P7078 [CSP-S 2020] Greedy Snake.

There are $n$ snakes on the grassland, numbered $1, 2, \ldots , n$. Initially, each snake has a stamina value $a_i$. We say that the snake with index $x$ is stronger than the snake with index $y$ if and only if their current stamina values satisfy $a_x > a_y$, or $a_x = a_y$ and $x > y$. Next, these snakes will duel. The duel lasts for several rounds. In each round, the strongest snake has the right to choose whether to eat the weakest snake: 1. If it chooses to eat, then the strongest snake’s stamina value decreases by the weakest snake’s stamina value. The weakest snake is eaten and leaves the subsequent duels. Then the next round starts. 2. If it chooses not to eat, the duel ends immediately. Each snake wants to eat as many other snakes as possible in the duel, under the condition that it is not eaten (obviously, a snake will not choose to eat itself). Now assume every snake is smart enough. Please find how many snakes will remain after the duel ends. This problem contains multiple test cases. For the first test case, all snakes’ stamina values are given by the input. For each subsequent test case, compared to the previous test case, the stamina values of some snakes are modified as the new input.

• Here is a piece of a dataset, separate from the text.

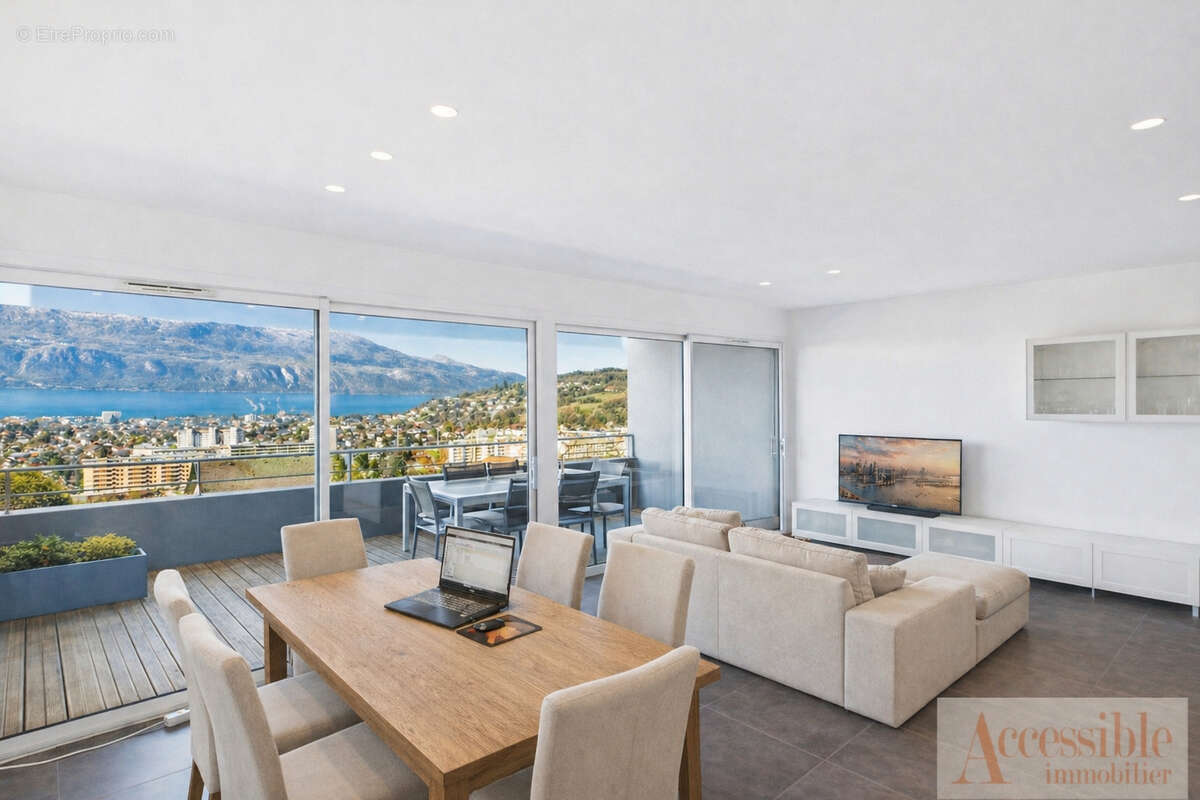 Appartement à AIX-LES-BAINS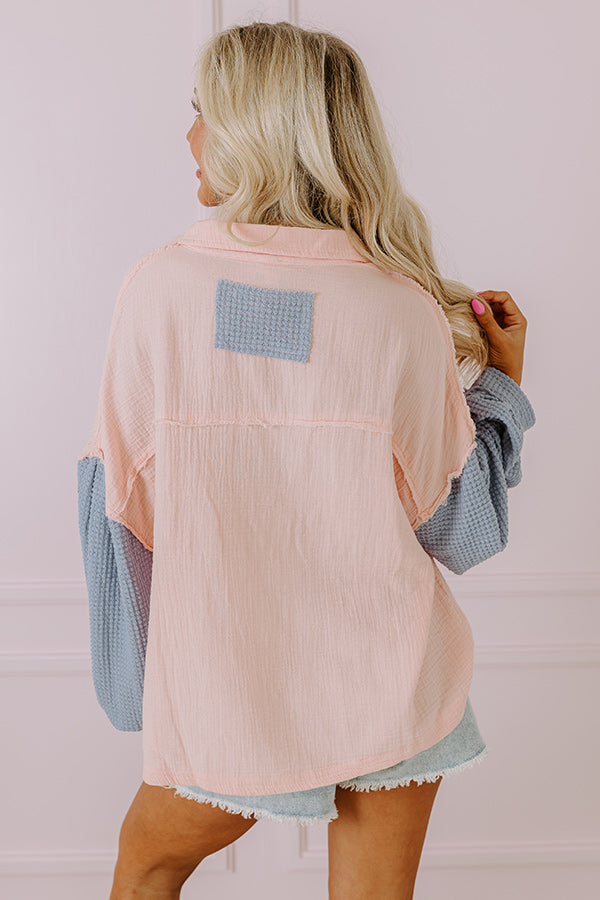 Premium Block Party Knit Top | Ultimate Style Upgrade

The first line contains a positive integer $T$, denoting the number of test cases. Then there are $T$ test cases. For the first test case, the first line contains a positive integer $n$, and the second line contains $n$ non-negative integers representing $a_i$. For test cases $2$ to $T$, each test case is given as follows: The first line contains a non-negative integer $k$, denoting the number of snakes whose stamina will be modified. The second line contains $2k$ integers. Every two integers form a pair $(x,y)$, meaning that $a_x$ is updated to $y$ in order. A position may be updated multiple times; the last update takes effect.

Output $T$ lines. Each line contains one integer, denoting the number of snakes that survive in the end.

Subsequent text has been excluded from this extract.